You run the servers. We keep them healthy.

Everything is configured with Ansible and version-controlled in Git. If a host dies, we rebuild it from the repo.

What We Manage

>_

Monitoring

Metrics scraped every 15 seconds across your entire fleet. Dashboards show CPU, memory, disk, network, and container health — 90 days of retention. You get a read-only link to the same dashboards we use.

!!

Alerting

Dozens of alert rules tuned to the things that actually break: host unreachable, disk pressure, service failures, TLS cert expiry, container health, backup staleness. Notifications hit your phone within seconds.

~>

Self-Healing

When an alert fires, the system assesses risk and selects the right response. Disk full? Cleanup runs. Container crashed? It restarts. Vulnerability detected? Patch pipeline queues. Every remediation logged, every outcome notified.

[]

Backups

Daily snapshots, verified every morning at 07:00 UTC. If a snapshot is stale or missing, you hear about it before it matters. Managed plans include 90-day retention.

{}

Provisioning

One Ansible run and your infrastructure is configured. Need another server? Add it to the inventory and apply. DNS, firewall rules, networking — all in the same run.

##

Security

SSH key-only, fail2ban, automatic security patches, Tailscale VPN for all management traffic. No management ports on the public internet.

<<

Log Aggregation

Every host ships logs to a central aggregator. Search them from your dashboard. 90-day retention. When something breaks at 3am, the logs are already there in the morning.

::

Client Dashboard

Private dashboard for every client. Magic link login — no passwords. 30-day uptime, infrastructure status, alert history, billing. Refreshes automatically.

The Difference

Autonomous remediation. Not just alerting.

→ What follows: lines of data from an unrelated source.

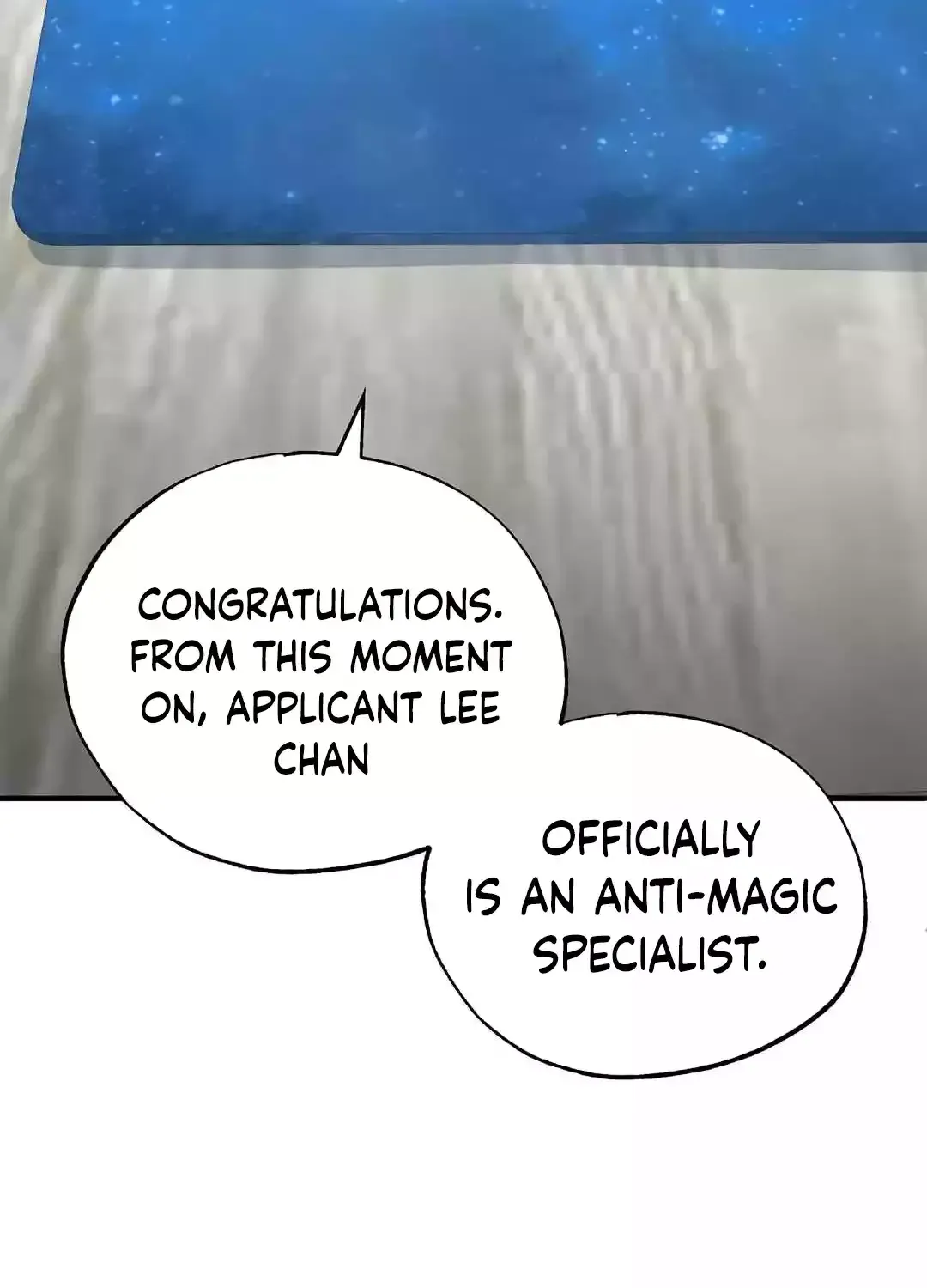 Magical Realm Shopkeeper Chapter 43 page 92 - 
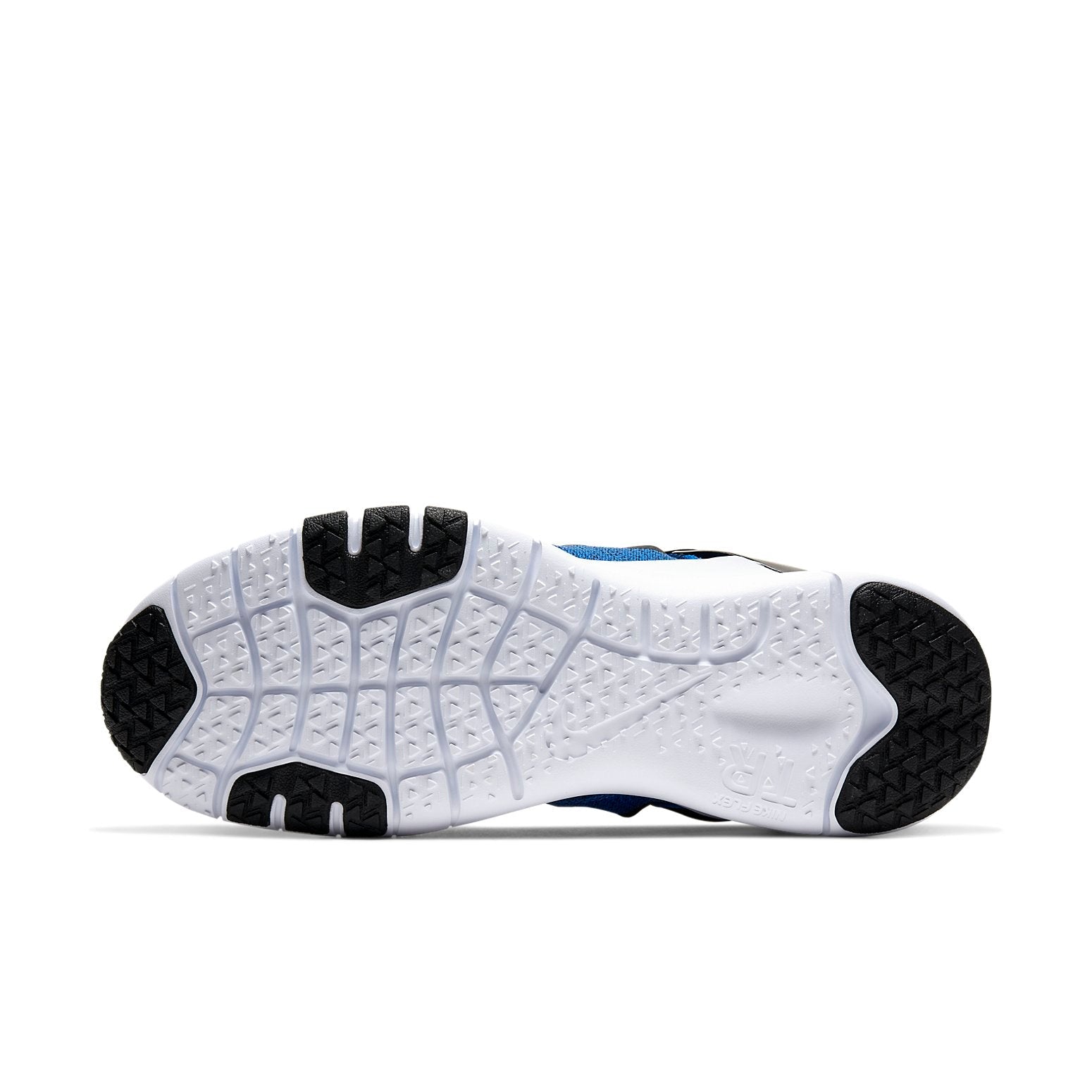 Nike Flexmethod TR 'Soar' BQ3063-400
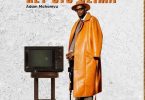 Adam Mchomvu - Sanjo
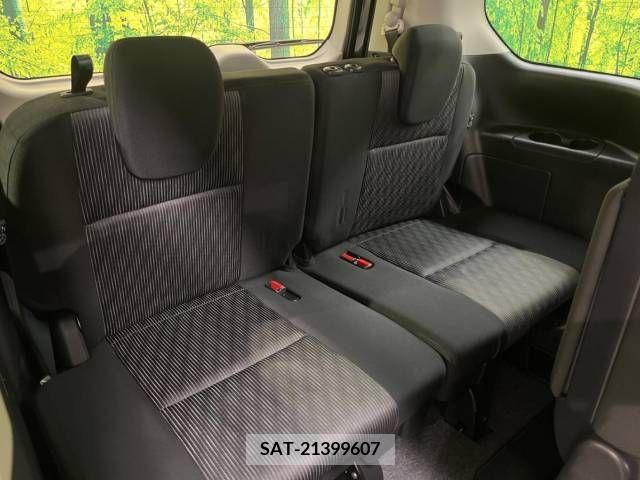 Nissan SERENA 2021-03 207794-10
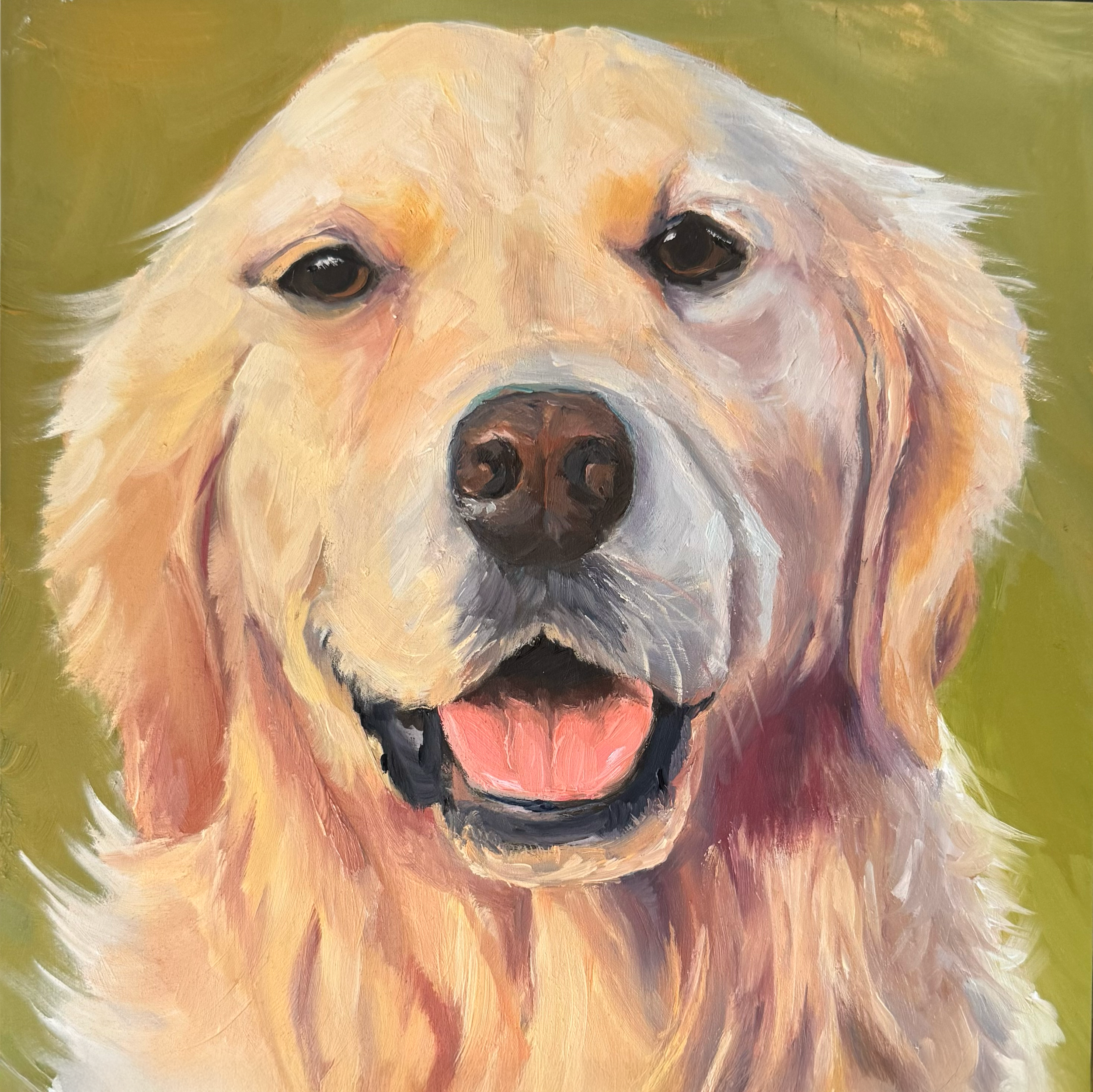 Golden_8x8.png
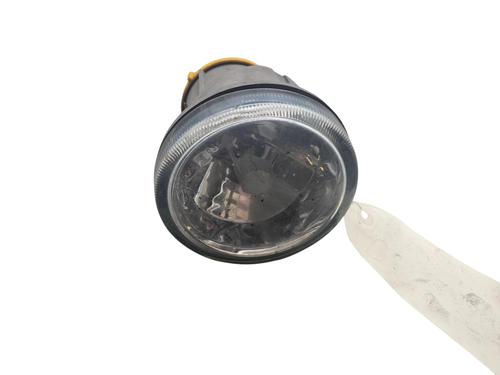 Used Left front fog light CITROËN C3 I (FC_, FN_) 1.6 16V (109 hp) 28491163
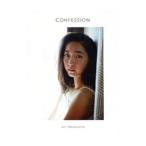 CONFESSION- Hatakeyama love . фотоальбом 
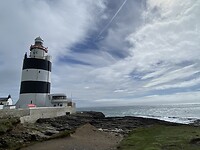 Hook Lighthouse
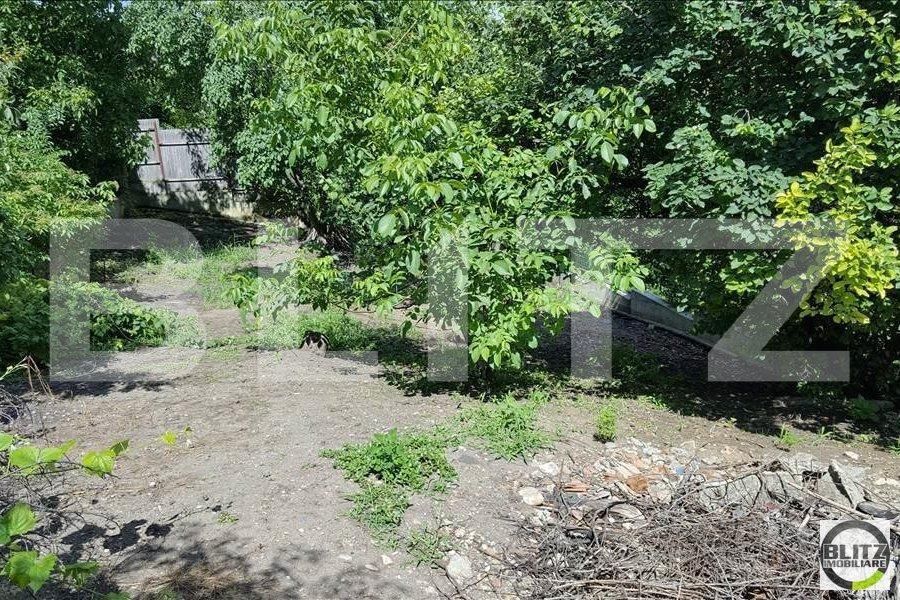 Casa de vânzare 2 camere Andrei Mureşanu - 17926CV | BLITZ Cluj-Napoca | Poza4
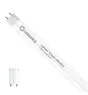 Ledvance LED Tube T8 Value (EM/Mains) Standard Output 15W 1620lm - 830 Warm White | 120cm - Replaces 36W
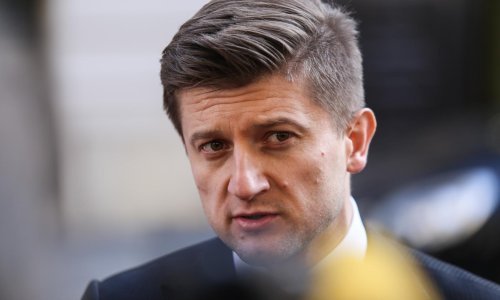 Kohezijska i poljoprivredna politika hrvatski prioriteti u budućim proračunima EU-a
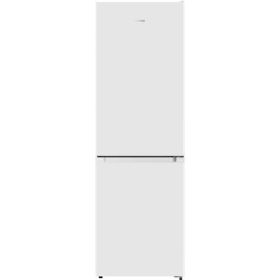 GORENJE NRK619EPW4 Kombinovani frižider (203L+99L) A+ NoFrost Plus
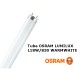 OSRAM L 18W/830 LUMILUX Warm White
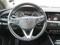 Prodm Opel Insignia 2.0 CDTi Serv.kniha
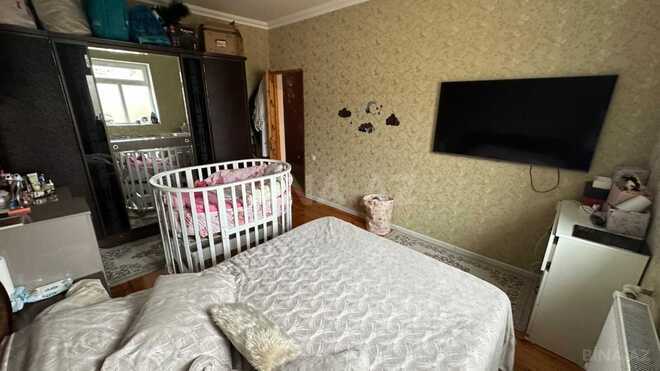 Satılır 4 otaqlı həyət evi/bağ evi 100 m², Qaraçuxur q., photo 6 from 17
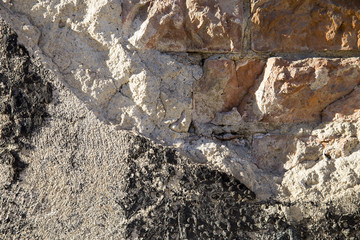 stone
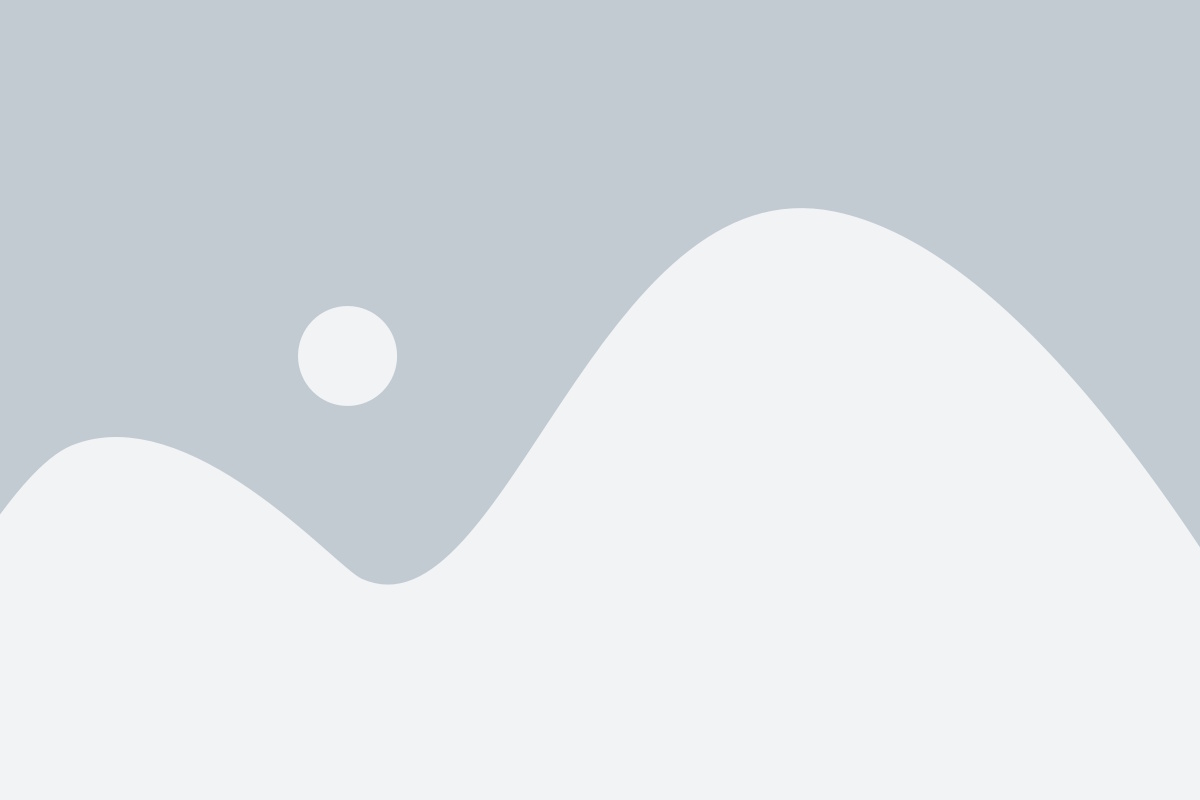 Profile Icon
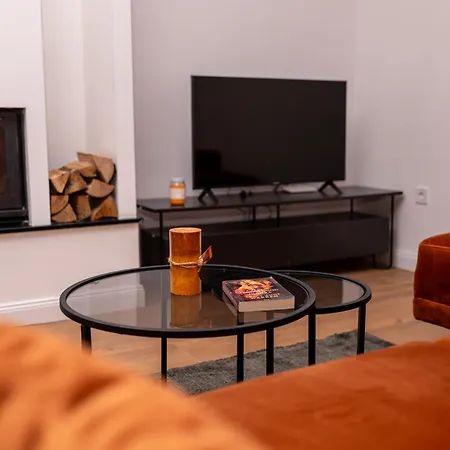 Apartment Zaklina 1496 Pula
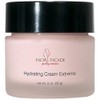Hydrating Crème Extreme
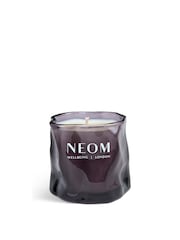 NEOM Sparkling Joy 1 Wick Small Candle - Image 5 of 7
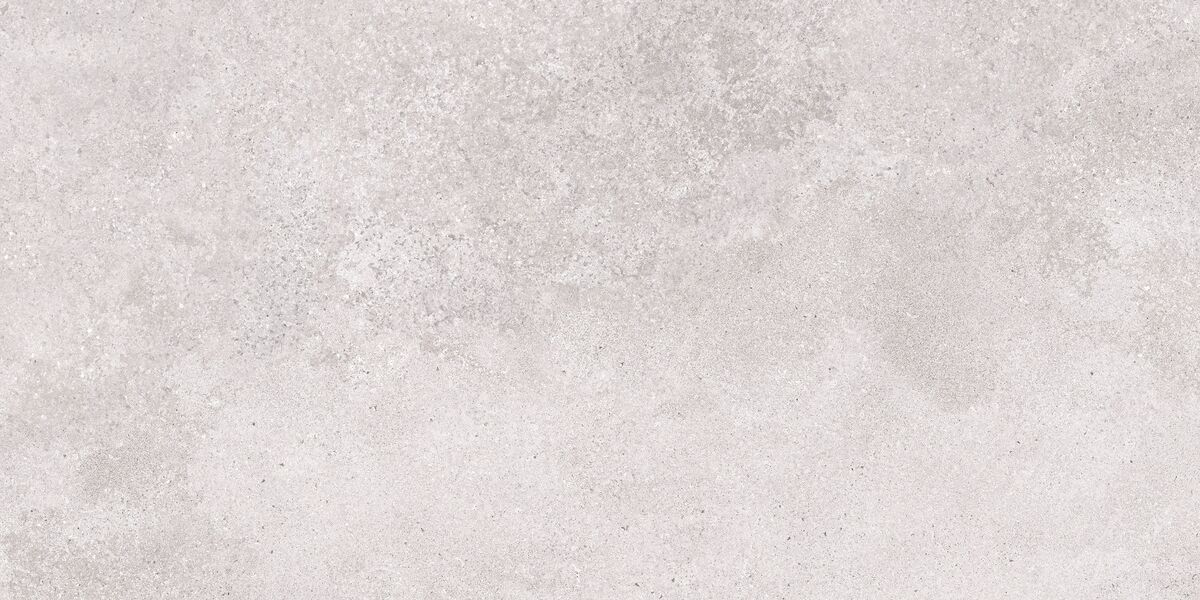 Вариация 8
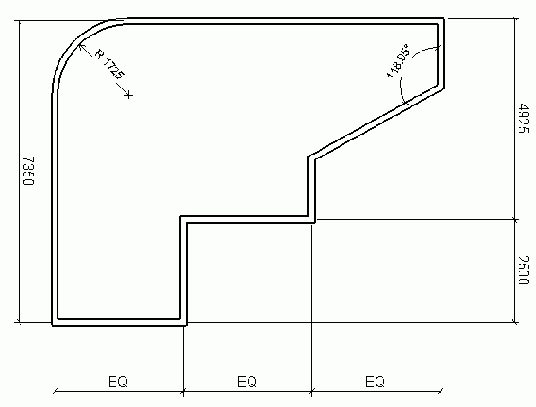   Revit Building 8.0
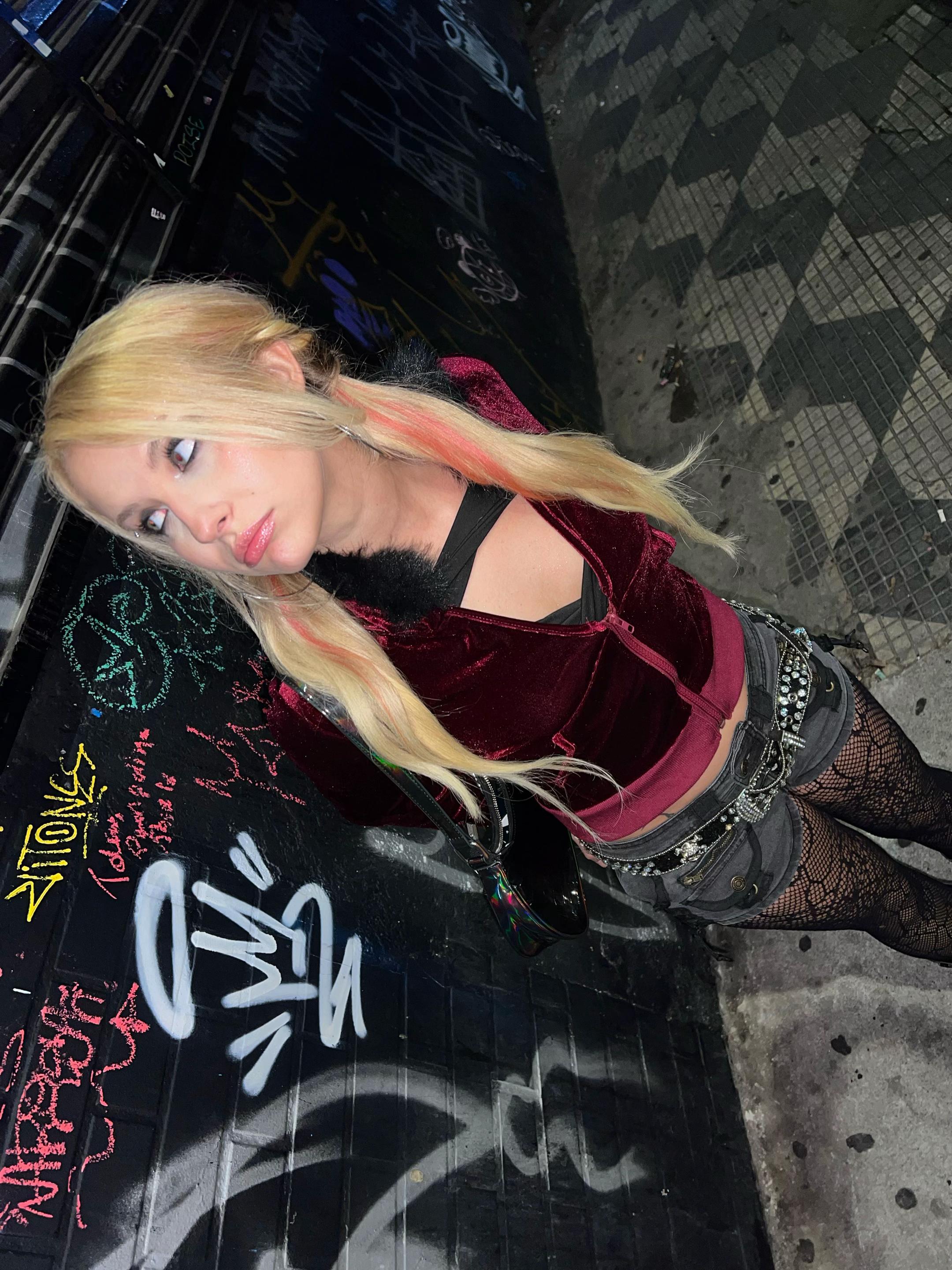 @★☆Julia☆★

Most monitoring stacks stop at the notification. Ours closes the loop. Every alert is assessed by risk, matched to the right response, and resolved without human intervention. Escalation gates ensure high-risk changes still require approval.

1

Alert fires Anomaly detected automatically

2

Risk assessed Severity and response determined

3

Fix applied Automated remediation runs

4

You get notified Under 60 seconds, no human required